Yes they are unique. I don't think you could get two gateways with the same ID online at the same time. As soon as one came online the gateway with the duplicate ID would immediately get changed to a virtual device number I think.
Paul
Don't rule out your cabling. I had an R4 that was dropping out regularly (not often, mind you, but regularly) that was literally 3' away from he POE network switch that was feeding it. Signal strength was great on the transmit, but kinda flaky on the receive, so I thought I would switch channels to see if that helped (by the way, the R4 itself was only a 5-6 feet away). I could not get into the web interface on the gateway no matter how hard I tried. I called AMX, and they sent me an RA, but when I went back with a replacement, the new one wouldn't work either. So I moved the gateway to an other location, where it worked fine. I didn't think my switch had an issue, since the other devices on it were OK (mainly IP cameras), so entirely on a hunch, I replaced the 3' cable going from the switch to the gateway. It's been fine since.

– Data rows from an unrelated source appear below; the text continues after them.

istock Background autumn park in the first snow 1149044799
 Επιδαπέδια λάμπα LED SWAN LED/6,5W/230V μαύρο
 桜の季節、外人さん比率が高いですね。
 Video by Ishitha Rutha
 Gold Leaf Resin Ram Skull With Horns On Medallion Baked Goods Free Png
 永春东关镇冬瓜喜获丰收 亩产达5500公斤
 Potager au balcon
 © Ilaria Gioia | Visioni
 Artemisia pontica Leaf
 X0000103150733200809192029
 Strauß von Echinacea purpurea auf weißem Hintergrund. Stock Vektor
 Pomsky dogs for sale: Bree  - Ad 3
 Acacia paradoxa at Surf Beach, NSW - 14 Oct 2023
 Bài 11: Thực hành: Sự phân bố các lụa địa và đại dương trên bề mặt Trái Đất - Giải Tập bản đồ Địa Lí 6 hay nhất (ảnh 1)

One of the biggest problems I have with cabling is that my installers often make their own from bulk CAT5 (well, CAT6 nowadays) with crimped on connectors. They test each one, but I can't get it in their heads that your basin network cable tester just checks continuity, and even getting a link light on your devices does NOT mean he cable is fine. 99% of their crimps are perfect, but that one that was done in a hurry after a queue of several dozen, is the one that comes back and bites us in the butt. But, and this is a big one, even factory-molded cables can have issues, especially the freebies that come with network devices. My point is, if you can, use a real network tester on your cabling to make sure it doesn't have too much capacitance, or dropped packets, or whatever. If you don't, just try swapping cables to see if there is any change. You can beat your head against the wall a long time looking for the problem elsewhere ( I lost nearly two days on the example cited above).